Dataset records:

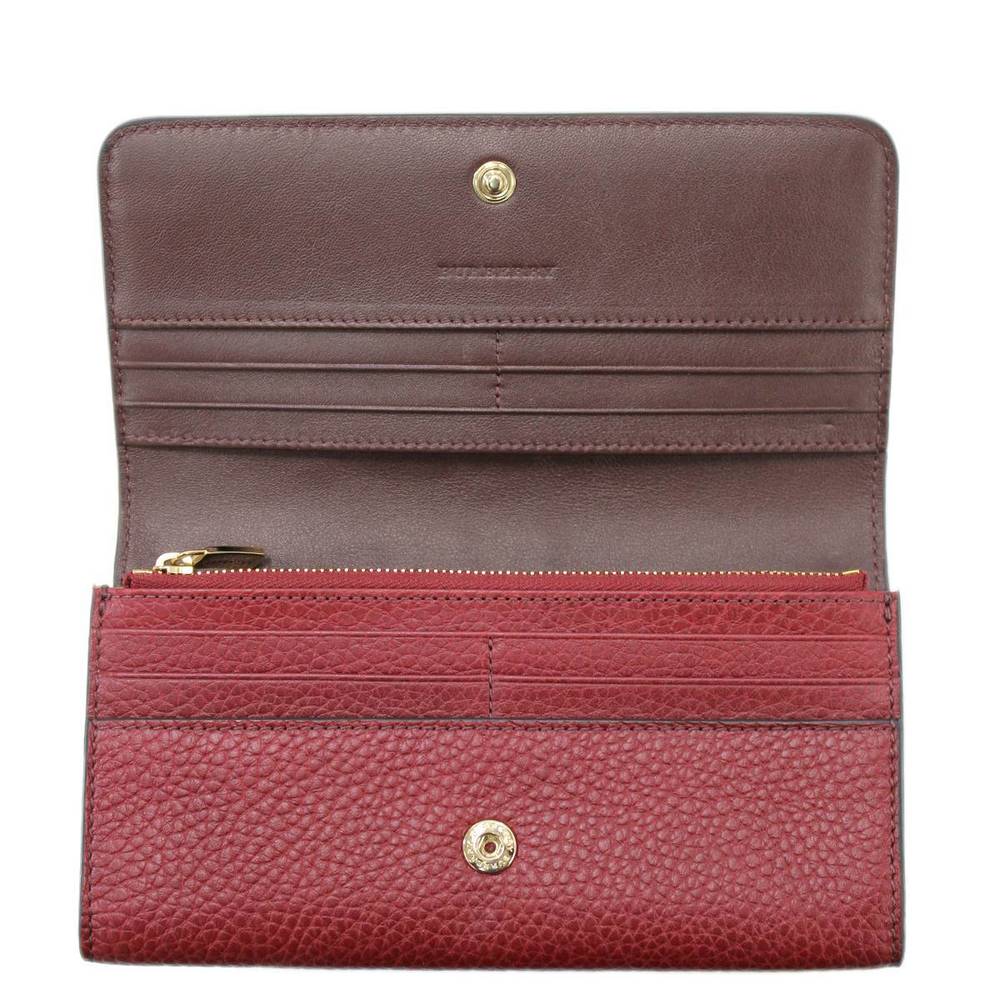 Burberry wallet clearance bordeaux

==

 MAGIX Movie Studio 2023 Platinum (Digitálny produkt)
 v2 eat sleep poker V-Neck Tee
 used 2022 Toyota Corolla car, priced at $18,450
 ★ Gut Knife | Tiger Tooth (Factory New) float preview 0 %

* * *

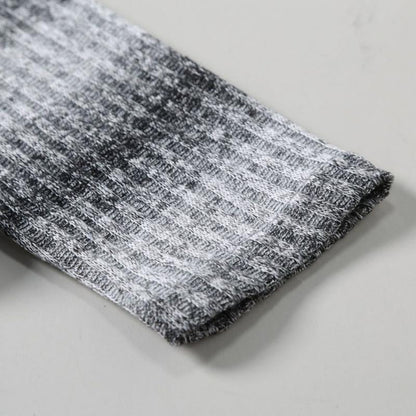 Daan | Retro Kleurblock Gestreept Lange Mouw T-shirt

What to produce:
Transcribe the lines above between the line holding "MAGIX Movie Studio" and the line holding "preview 0 %", inclusive, exactly as they stand and with nothing added.

Response to this exercise:
 MAGIX Movie Studio 2023 Platinum (Digitálny produkt)
 v2 eat sleep poker V-Neck Tee
 used 2022 Toyota Corolla car, priced at $18,450
 ★ Gut Knife | Tiger Tooth (Factory New) float preview 0 %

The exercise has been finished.